Since 2008, Michigan residents have been able to legally access marijuana via the state’s medical marijuana program. In 2018, they voted to extend marijuana access to all adults age 21 and over by passing Proposal 1 – a historic piece of legislation that made Michigan the 10th state in the nation to legalize recreational cannabis.
Like the other states with recreational cannabis programs, there are limits on how much marijuana a person may purchase and own at one time in Michigan. These personal possession limits are similar to those in Oregon, Washington, and Colorado which define how much cannabis an individual may own.
Currently, recreational cannabis isn’t for sale in Michigan. At the time of writing, experts expect Michigan’s first recreational dispensaries to open their doors in early 2020. Until that day, recreational cannabis is still legal for adult use in Michigan and their possession limits are in full effect.
As prospective recreational marijuana customers, it’s important for Michigan residents to understand the personal possession laws before they buy cannabis. Failure to adhere to the state’s regulation can lead to legal trouble, including hefty fines.
Michigan Cannabis Possession Laws
The possession laws for recreational and medical marijuana in Michigan are different. If a person has a medical marijuana card, they are subject to a separate set of laws than those purchasing marijuana recreationally.
Recreational Cannabis Limits in Michigan
According to Proposal 1, anyone age 21 or older in Michigan may legally possess no more than 2.5 ounces of usable cannabis in public. Once dispensaries open their doors it is unlikely customers will be allowed to buy more than 2.5 ounces in one transaction due to this regulation.
The laws are different if someone’s storing their marijuana on private property. In Michigan, adults age 21 and older may keep up to 10 ounces of usable marijuana in their private residence without incurring penalties from state law enforcement.
Adults in Michigan are not limited to buying dried cannabis ‘buds’ or flower. In fact, the law explicitly allows concentrated cannabis, edible products, and personal cultivation.
In Michigan, adults of age may have up to 15 grams of concentrated marijuana at a time. The law also allows adults age 21 and older to cultivate up to a dozen cannabis plants in their home without facing penalties.
Recreational Cannabis Laws in Michigan at a glance:
- Legal for adults age 21 and over
- Adults of age may carry up to 2.5 ounces in public
- Adults of age may keep up to 10 ounces at home
- Home cultivation is legal for up to 12 plants
- Concentrate possession is legal, up to 15 grams
Medical Cannabis Limits in Michigan
If a person qualifies for medical marijuana in Michigan, they are subject to different regulations than recreational customers. Individuals with a state-approved debilitating condition may possess up to 2.5 ounces of usable marijuana and equivalents in any form.
For example, medical marijuana patients may keep up to 16 ounces of marijuana-infused edibles in solid form, 7 grams of marijuana-infused products in a gaseous form, or 36 fluid ounces of marijuana-infused liquid products.
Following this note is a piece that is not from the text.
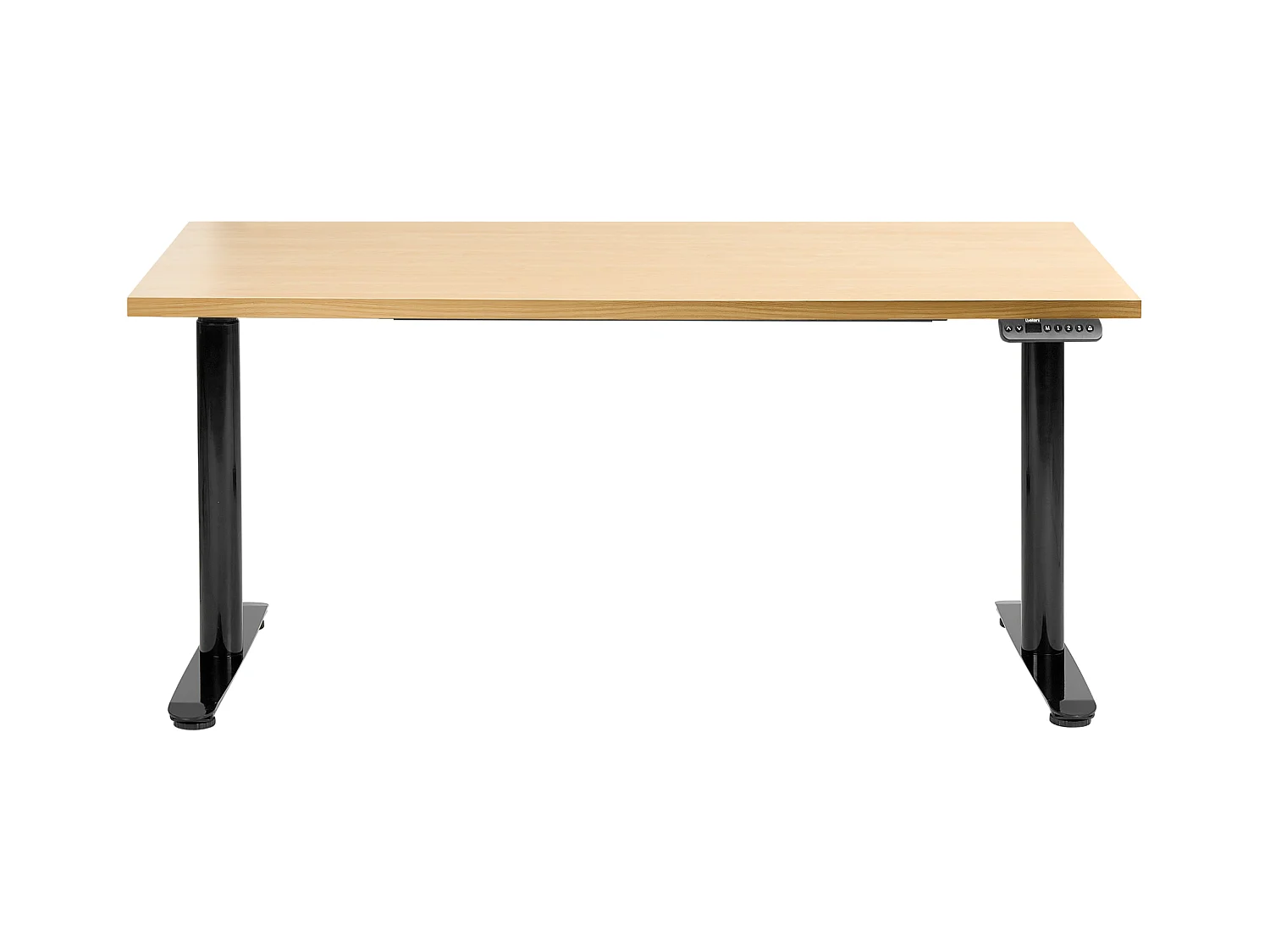 Bureau réglable en hauteur électriquement DESTINAS Noir/marron clair 160 cm 72 cm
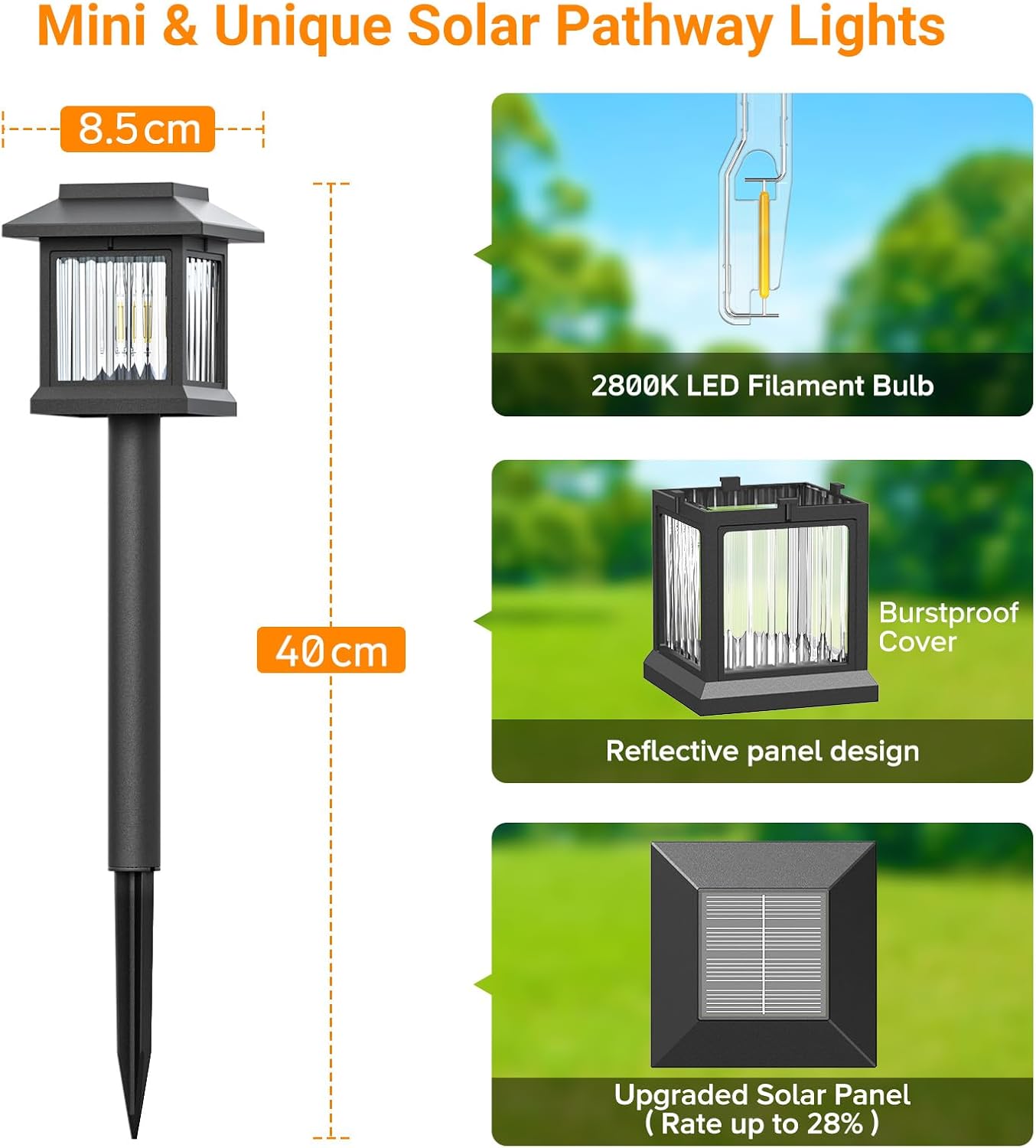 Thumbnail 3 de GEARLITE Solar Lights Outdoor Garden (6 Pack) – Warm 2800K House-Shaped LED Garden Ornaments, IP65 Waterproof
Patients with qualifying conditions make cultivate an possess up to 12 marijuana plants, as long as they are not grown in plain sight in our kept in a locked, enclosed growing facility. Patients that require assistance from a caregiver can extend their possession limits to a specified individual who will be allowed to possess up to 12 marijuana plants and up to 2.5 ounces of usable marijuana.
Medical marijuana possession limits in Michigan do not include incidental or minimal amounts of stocks, stems, seeds, and roots.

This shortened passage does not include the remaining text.